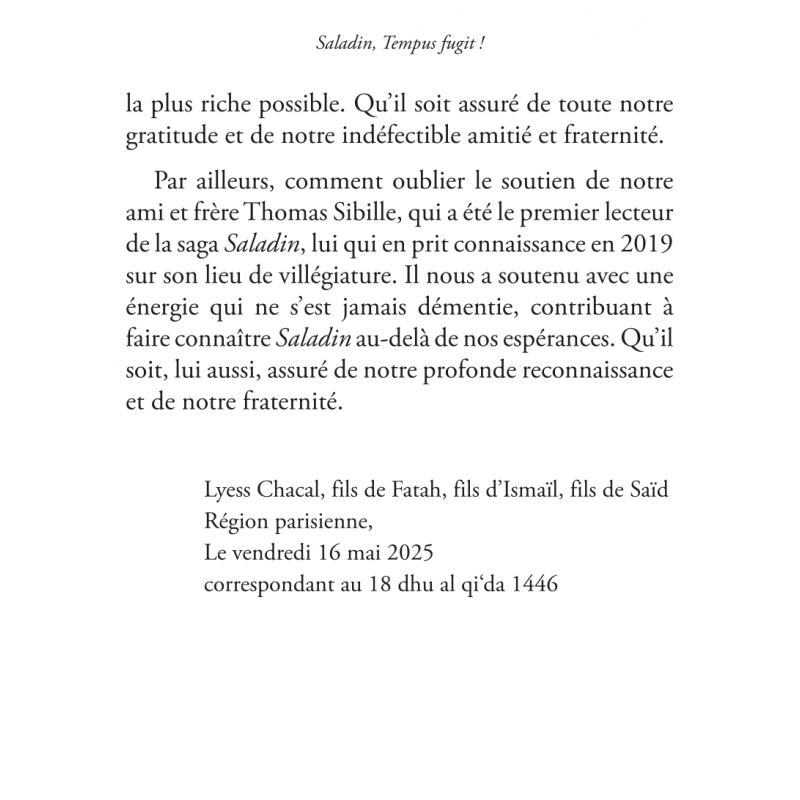Saladin - Tome VII - Lyess Chacal - Oryms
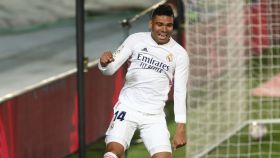 Casemiro celebra su gol a Osasuna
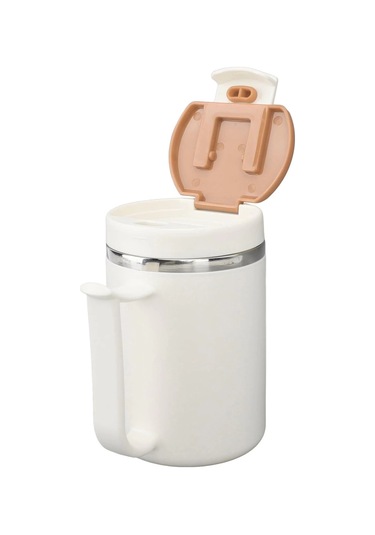 Paslanmaz Çelik Sızdırmaz Kaşıklı Kahve Termosu 500 Ml Beyaz-kahve Kapaklı İthal Ürün Çok Renkli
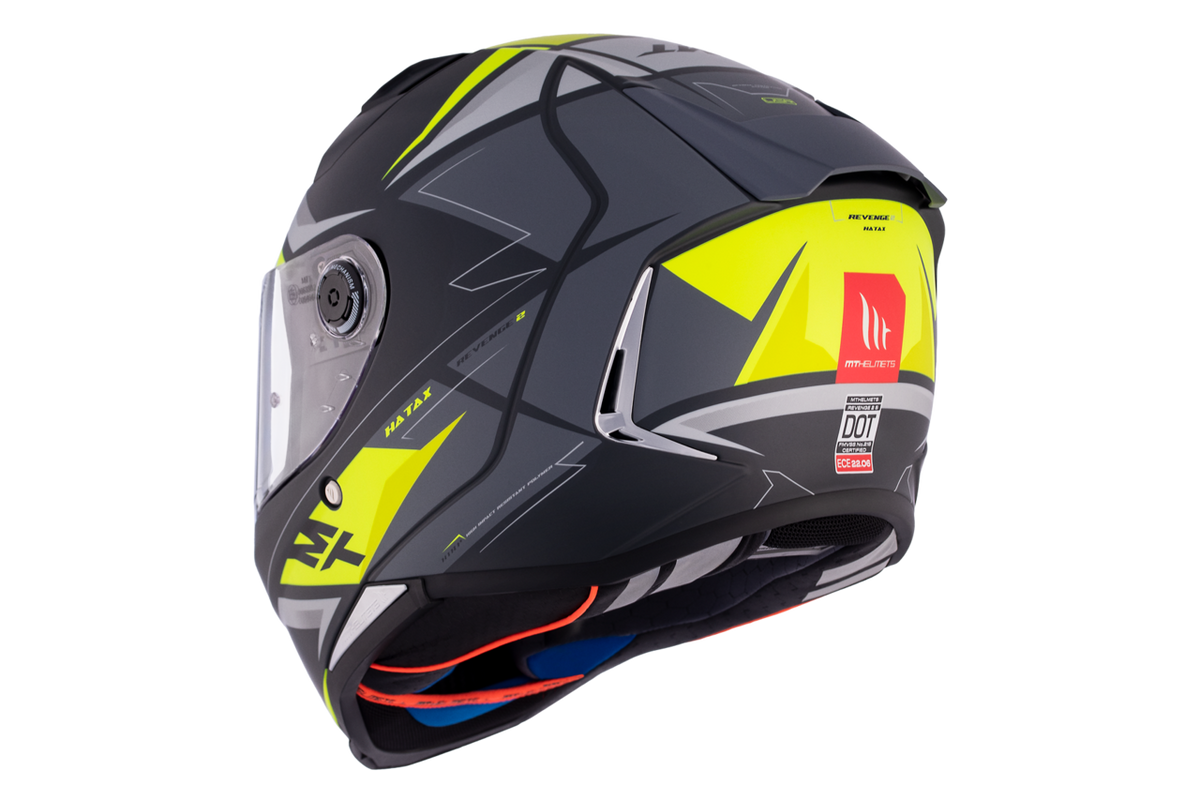 MT Helmets Integral Mc-Hjälm Revenge 2 Hatax C3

> **INSTRUCTIONS FOR THE TASK**:
Nothing but the lines from the one holding "Paslanmaz Çelik Sızdırmaz" through the last line of the listing should appear in the answer, copied exactly and without pictures.

> **YOUR SOLUTION**:
 Paslanmaz Çelik Sızdırmaz Kaşıklı Kahve Termosu 500 Ml Beyaz-kahve Kapaklı İthal Ürün Çok Renkli
 MT Helmets Integral Mc-Hjälm Revenge 2 Hatax C3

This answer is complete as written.